──────── Records supplied ────────

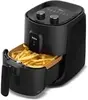 Air Fryer Philco PAF55A 5,5L 1500W 110V - 1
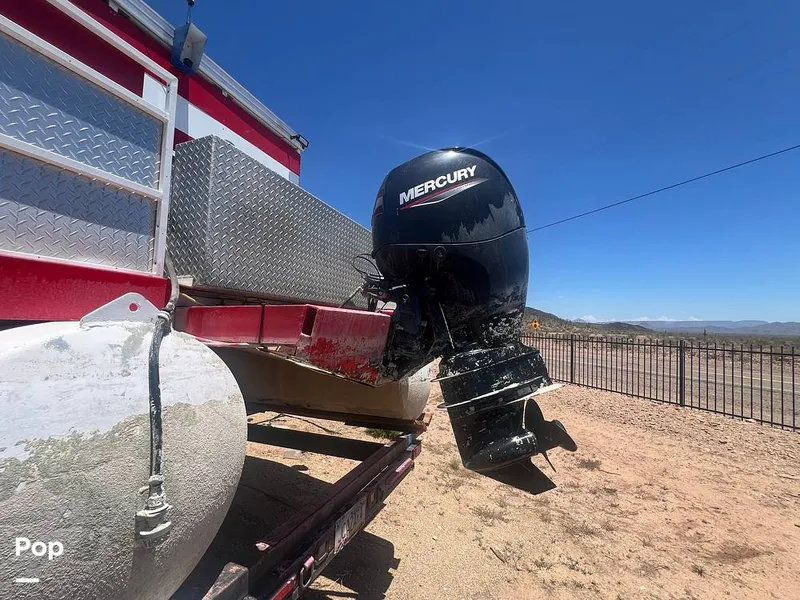 Slide: The Image of Sylvan Princess 40 1966 - 15637007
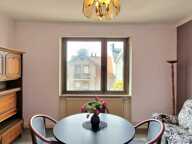 Vente Maison/villa 9 pièces — photo 2
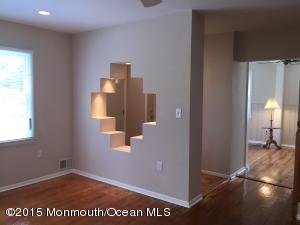 22 Lehigh Blvd, Jackson, NJ 08527 photo 23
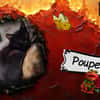 Poupette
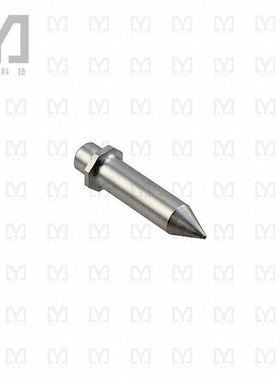 2102502-4【GUIDE PIN NON-KEYED】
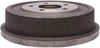 9740R Professional Grade Brake Drum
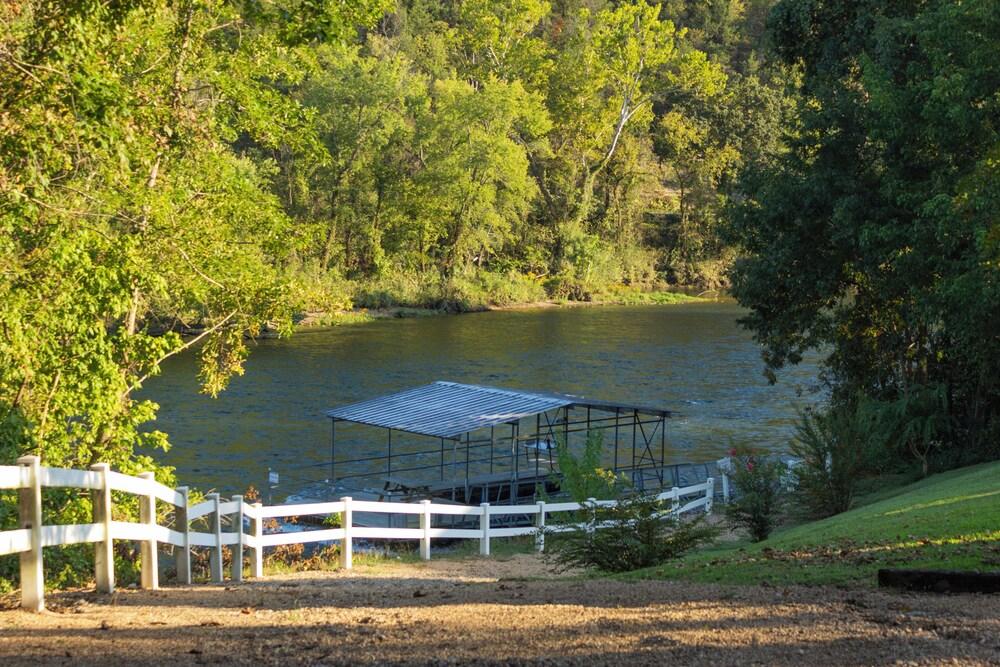 River Ridge Inn photo 5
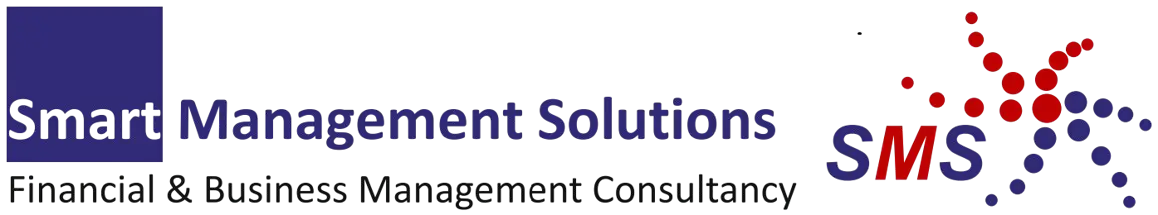 Smart Management Solutions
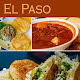 Leo's Mexican Food El Paso Texas : Leo's El Paso - Picture of Leo's Mexican Food, El Paso ... / Leo's (like elmer's) is an el paso icon when it comes to authentic mexican food.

────────

Starting at the line with "Smart Management Solutions", output each line through the final one of the listing above, and nothing else. Pictures are to be left out.

Your solution
 Smart Management Solutions
 Leo's Mexican Food El Paso Texas : Leo's El Paso - Picture of Leo's Mexican Food, El Paso ... / Leo's (like elmer's) is an el paso icon when it comes to authentic mexican food.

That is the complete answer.